**Your instructions**
Pictures are not part of the copy. Write out exactly the lines from the line with "Image showing young" through the end of the entries below.

(Data entries)
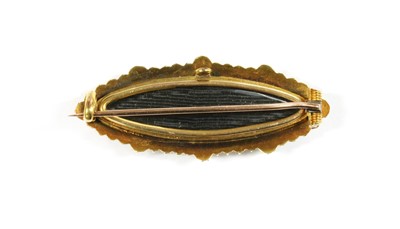 Lot 5 - A Victorian gold onyx and split pearl brooch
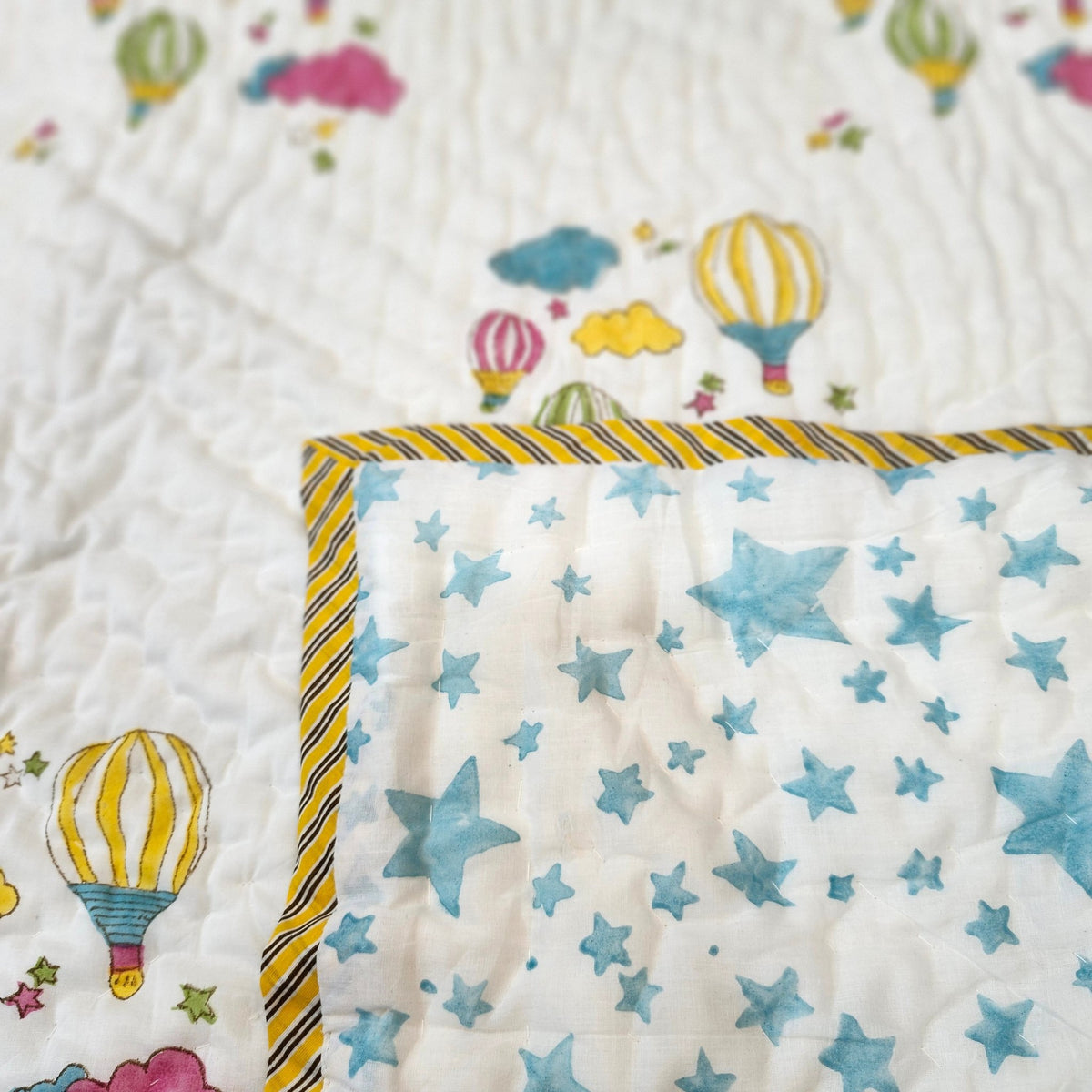 Child's organic cotton cambric quilt, balloon pattern on one side and blue stars on white on the other, usable either way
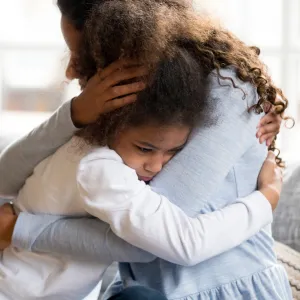 A Mother Hugs Her Sad Daughter on the Couch at Home.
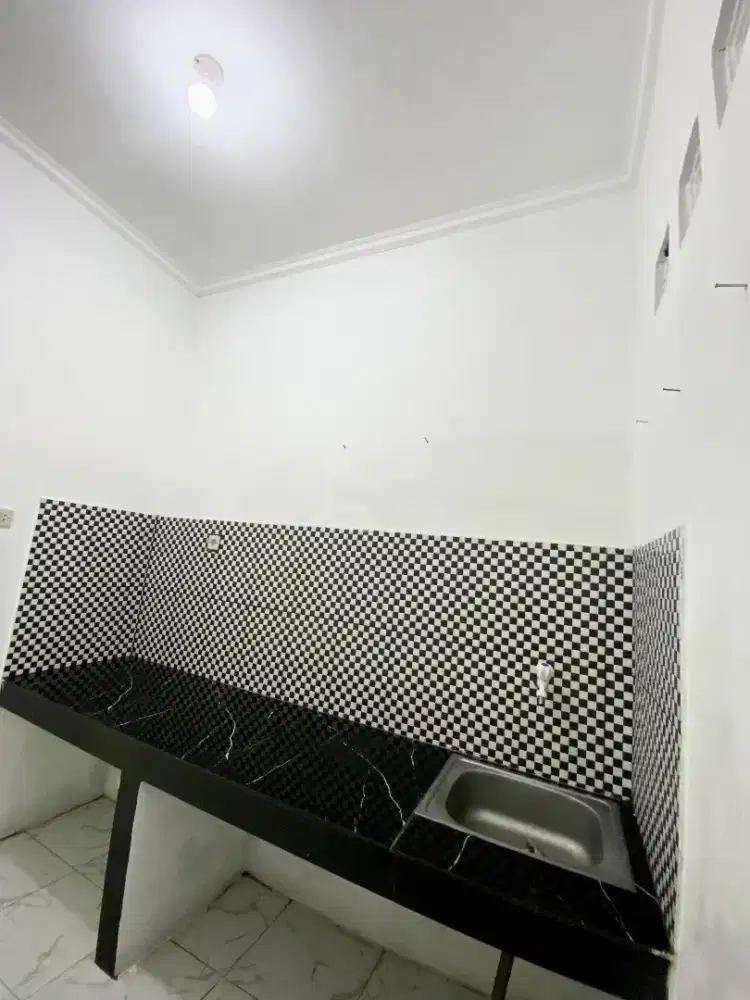 Di kontrakan sebuah rumah minimalis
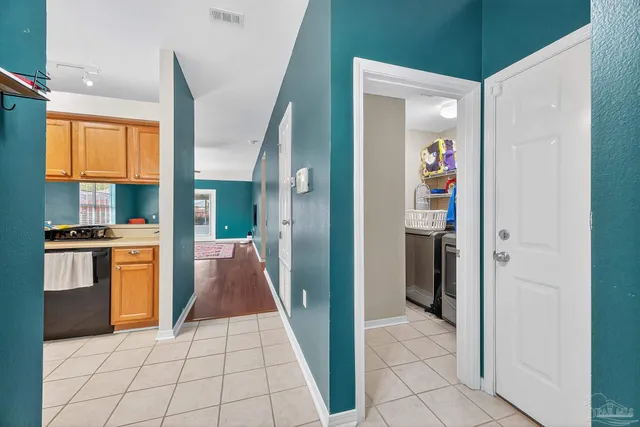 a view of kitchen with stainless steel appliances granite countertop refrigerator and stove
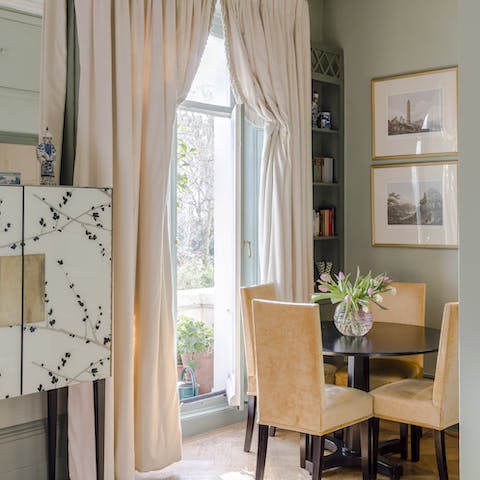 Sit down to an elegant meal at the window-side table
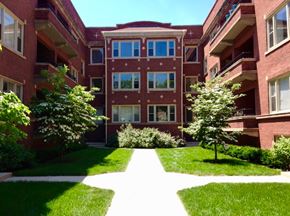 Chicago apartment for rent - A red brick building with a white pathway in front.
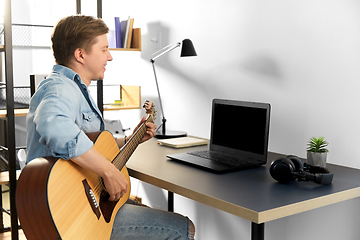 Image showing young man with laptop and guitar at home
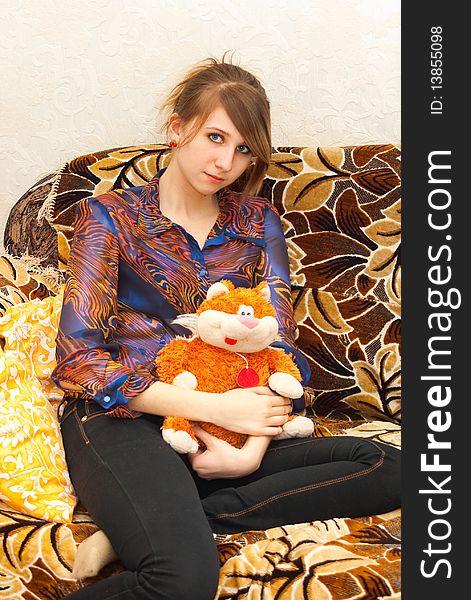 The constraining girl sits on a sofa with a toy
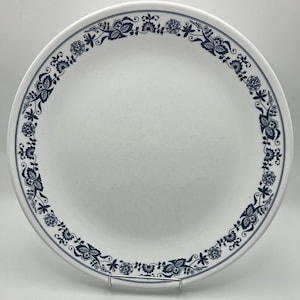 Może przedstawiać: Biały ceramiczny talerz z granatowym wzorem kwiatowym. Talerz ma delikatny wzór kwiatów i liści na obrzeżu. Ten dekoracyjny talerz nadaje się do serwowania posiłków lub jako element dekoracyjny.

**Solved problem**
 Image showing young man with laptop and guitar at home
 The constraining girl sits on a sofa with a toy
 Może przedstawiać: Biały ceramiczny talerz z granatowym wzorem kwiatowym. Talerz ma delikatny wzór kwiatów i liści na obrzeżu. Ten dekoracyjny talerz nadaje się do serwowania posiłków lub jako element dekoracyjny.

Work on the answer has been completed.